If I could teach my son only one thing, it would have to be about the building blocks of life. After high school-first comes college (with a good major that is fun and will lead him to a good job), then a job that will lead him to a good future, then a family that he can have and raise with his good education and his good job. I would teach him how important it is in life to have those 3 things. If my son wants to live a happy life, he would have to have a family of his own. I would show him that by making him see how happy I will be with his father, my husband. I do not want him to be lonely for life and I hope to have grandchildren. I will raise my son well and make sure he has a good childhood to make him see that he will also be able to raise a son of his own the way he was raised-the way I raised him.
College, job, family. I have seen parents who teach their children the same things, but harshly. This is a bad influence on the child because he will either end up raising his child in the same harsh way, or not want to have a family at all. I will let him know how well I was raised by my parents and how being raised by my parents lead me to a good and happy future.
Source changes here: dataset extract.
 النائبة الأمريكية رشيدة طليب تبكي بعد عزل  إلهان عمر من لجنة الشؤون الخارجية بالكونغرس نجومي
I know that if I did not have the parents that I have now and if they did not teach me everything they way they do, I would not be who I am today. I would not be as happy as I am. I will tell my son this and do the same for him as my parents do for me now.
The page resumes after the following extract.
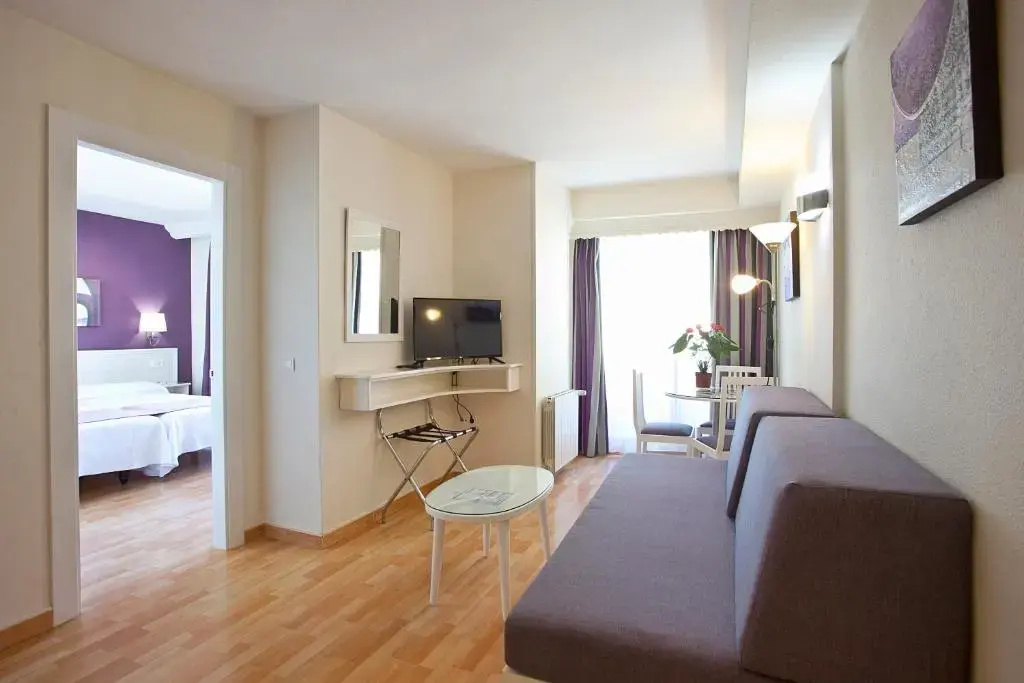 1 Bedroom Apartment with partial sea view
The most important part of teaching my son this is about family. I consider all these things that I have mentioned one thing to teach my son. But if I had to choose one very specific thing out of this whole lesson it would be about family. The most important thing in life is family and I would let him know that by showing him how much I would do for him as his mother. I would sacrifice anything I have for my family and my son will need to know that too. This is the key to that one thing that I could teach my son. Without parents, we would not be able to have a great education. Without family, we would not be able to have a happy and fun childhood. Without family we would know how to make good decisions in life and all this leads to going to college, getting a job, and raising a family.